A few days ago, University of Washington professor Aniruddh Vashisth published a paper in the international authoritative journal Carbon, claiming that he had successfully developed a new type of carbon fiber composite material. Unlike traditional CFRP, which cannot be repaired once damaged, new materials can be repaired repeatedly.
While maintaining the mechanical properties of traditional materials, the new CFRP adds a new advantage, that is, it can be repaired repeatedly under the action of heat. Heat can repair any fatigue damage of the material, and can also be used to decompose the material when it needs to be recycled at the end of the service cycle. Since traditional CFRP cannot be recycled, it is important to develop a new material that can be recycled or repaired using thermal energy or radio frequency heating.
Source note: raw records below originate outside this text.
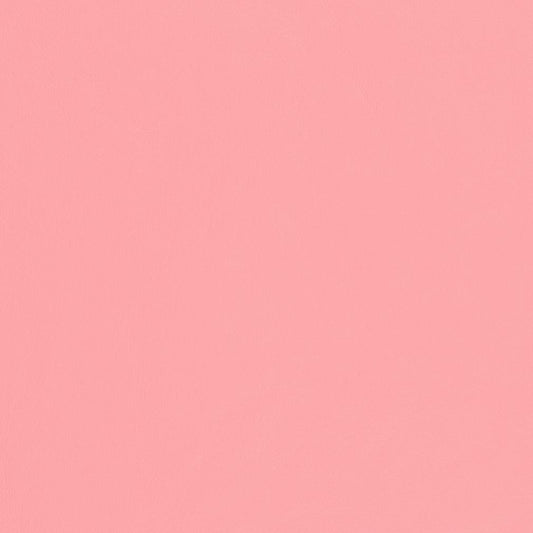 V462 Leather Grain,Plain & Solid Pink Pink Charlotte Fabrics Vinyl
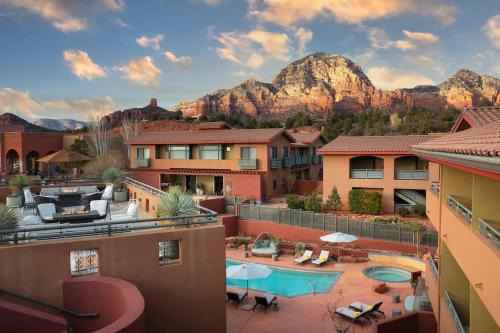 West Sedona Hotel | The Wilde Resort and Spa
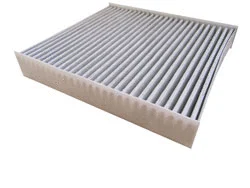 Filter, cabin air (MS-6482C)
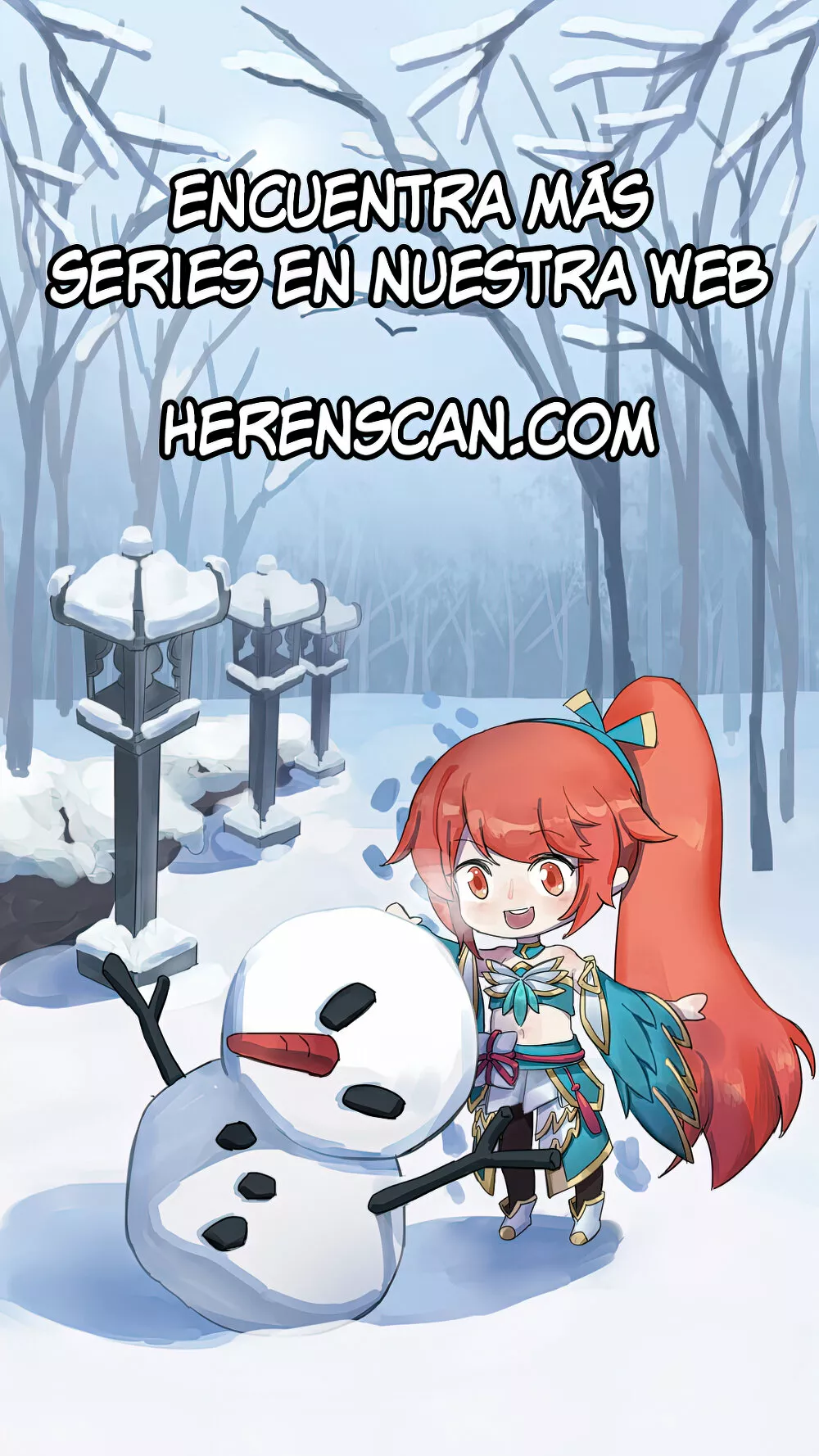 Tales of Demons and Gods Capítulo 429 - Page 13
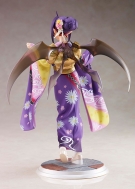 Лимитированная фигурка Sword Art Online: Alicization — War of Underworld — Yuuki — Wahoo! — 1/7 — Kyou Yuuzen ver.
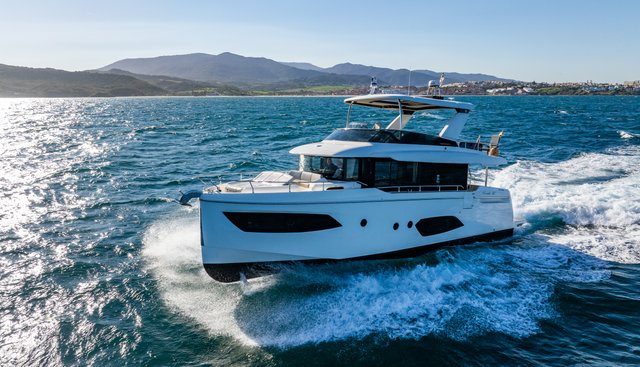 noname yacht for sale 2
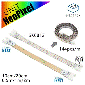 M5Stack用NeoPixel互換 LEDテープ 100 cm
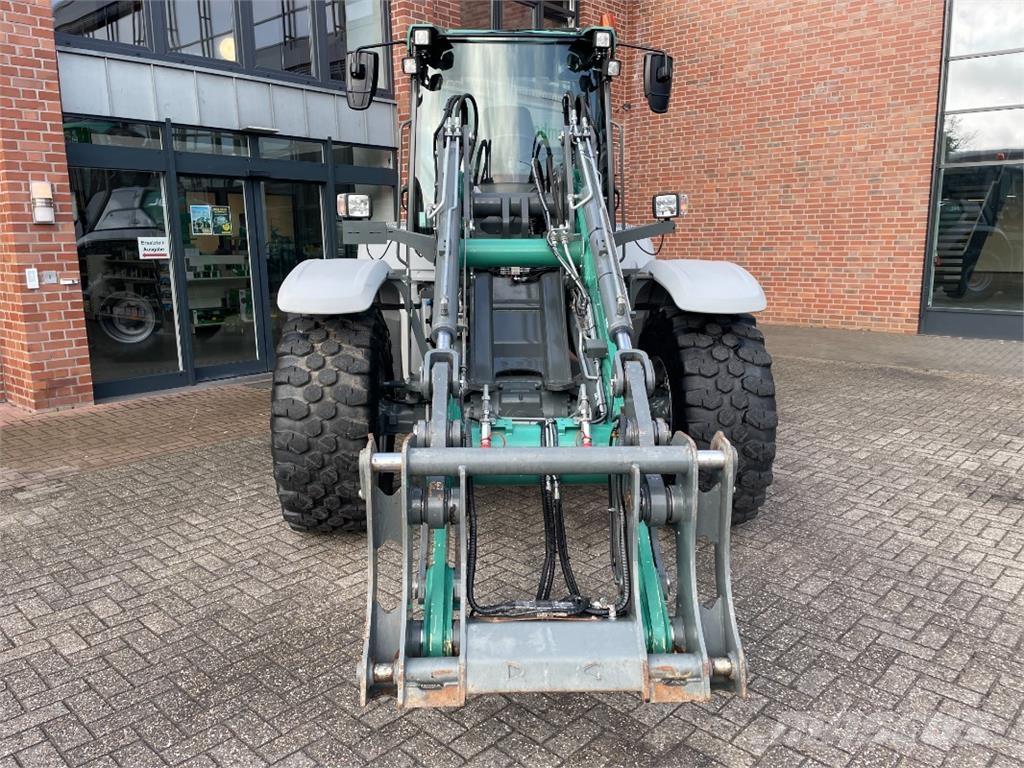 Kramer KL70.8L Ładowarki kołowe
Professor Vashisth said that the heat source can indefinitely delay the aging process of the new CFRP. Strictly speaking, this material should be called Carbon Fiber Reinforced Vitrimers (vCFRP, Carbon Fiber Reinforced Vitrimers). Glass polymer (Vitrimers) is a new type of polymer material that combines the advantages of thermoplastic and thermosetting plastics invented by French scientist Professor Ludwik Leibler in 2011. Vitrimers material uses dynamic bond exchange mechanism, which can perform reversible chemical bond exchange in a dynamic manner when heated, and at the same time maintain a cross-linked structure as a whole, so that thermosetting polymers can be self-healing and reprocessed like thermoplastic polymers.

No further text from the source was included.